To broaden the base of evidence from which to draw conclusions, this study considers the five most recent school years for which both district size and spending data are available: 1999-2000 through 2003-2004. As discussed below, the author kept all spending and revenue data in this study in current dollars, dealing with inflationary and other period effects through dummy variables corresponding to the years of observation.

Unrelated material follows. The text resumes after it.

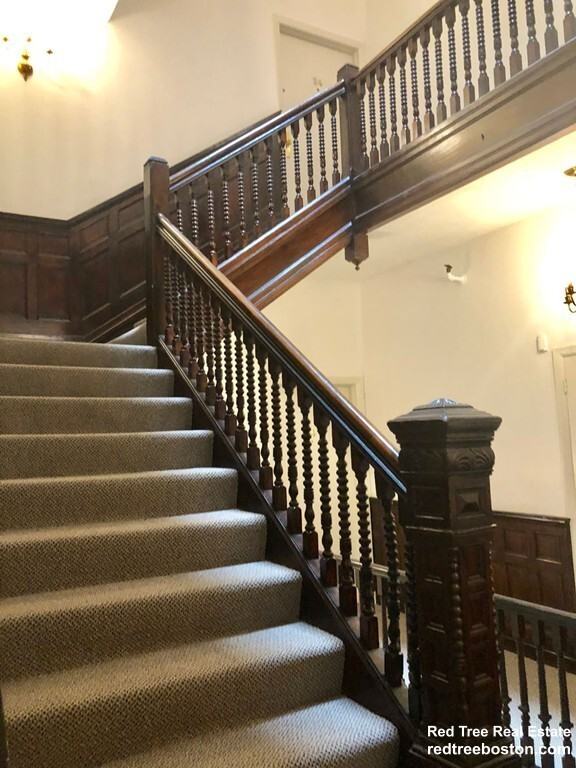 922 Beacon St #31 - Photo 2 of 3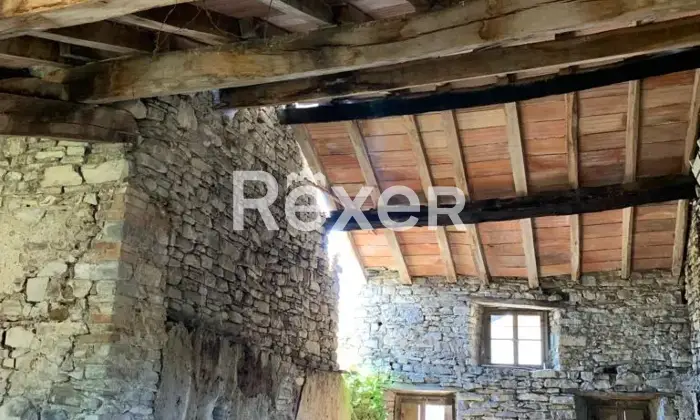 Rexer-Salino-Rustico-storico-su-due-livelli-con-ampio-terreno-coltivabile-grande-potenziale-di-recupero-Altro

Time series data of this sort are often analyzed with a technique known as panel regression, but that technique is not well-suited to the model of per-pupil spending proposed here or to the research question — that is, How do district mergers affect per pupil spending?[**] The approach taken in this paper is therefore a pooled regression on the data for all districts over all five years, clustering together the observations we have for each district at different times. Clustering the observations by district allows us to control for correlations among those observations, which is necessary to conform to linear regression’s key assumption that the observations are independent of one another. This pooling of observations is accomplished using Stata’s “regress, cluster()” command to produce robust Huber/White/sandwich estimates of variance (and thus robust standard errors).[8]

Given that we want to isolate the effect of school district size on per-pupil spending, we must control for the impact of other factors that might independently affect spending. Those control variables are described in the sections that follow.


[*] See, for instance, Alan L. Gustman; George B. Pidot Jr., “Interactions between Educational Spending and Student Enrollment,” The Journal of Human Resources, vol. 8, no. 1. (Winter, 1973), pp. 3-23. Gustman and Pidot chose current expenditures per pupil, explaining, “We avoid the problems caused by the extreme irregularity of annual capital outlays and omit interest payments which are determined largely by past interest rates and the method of financing construction historically in a particular location.”

[†] See, for instance, Frank Johnson, “Revenues and Expenditures for Public Elementary and Secondary Education: School Year 1998-99,” National Center for Education Statistics, Statistics in Brief, 2001, publication no. NCES 2001-321. http://nces.ed.gov/pubs2001/2001321.pdf. Johnson notes, “Researchers generally use current expenditures instead of total expenditures, when comparing education spending between states or across time.”

[**] There are two main types of panel regression: fixed effects, and random effects. A fixed-effects regression would ignore differences between districts and look only at how districts themselves change over the five years for which we have data. In other words, it would explore the effects of pouring more students into an existing district, holding constant that district’s aggregate income (because we have income data for only a single year). But when two or more districts merge in the real world, the higher number of students in the combined district is always accompanied by higher aggregate income as well. Clearly, then, a fixed-effects panel regression on the data we have would answer a different question than the one we wish to investigate.

In theory, it might have been possible to address this problem by using a random-effects panel regression, because the random effects approach takes into account differences between districts as well as differences within districts over time. But a Hausman test indicates that a random-effects model is inappropriate. Hence we are left with the pooled-regression approach chosen for this study.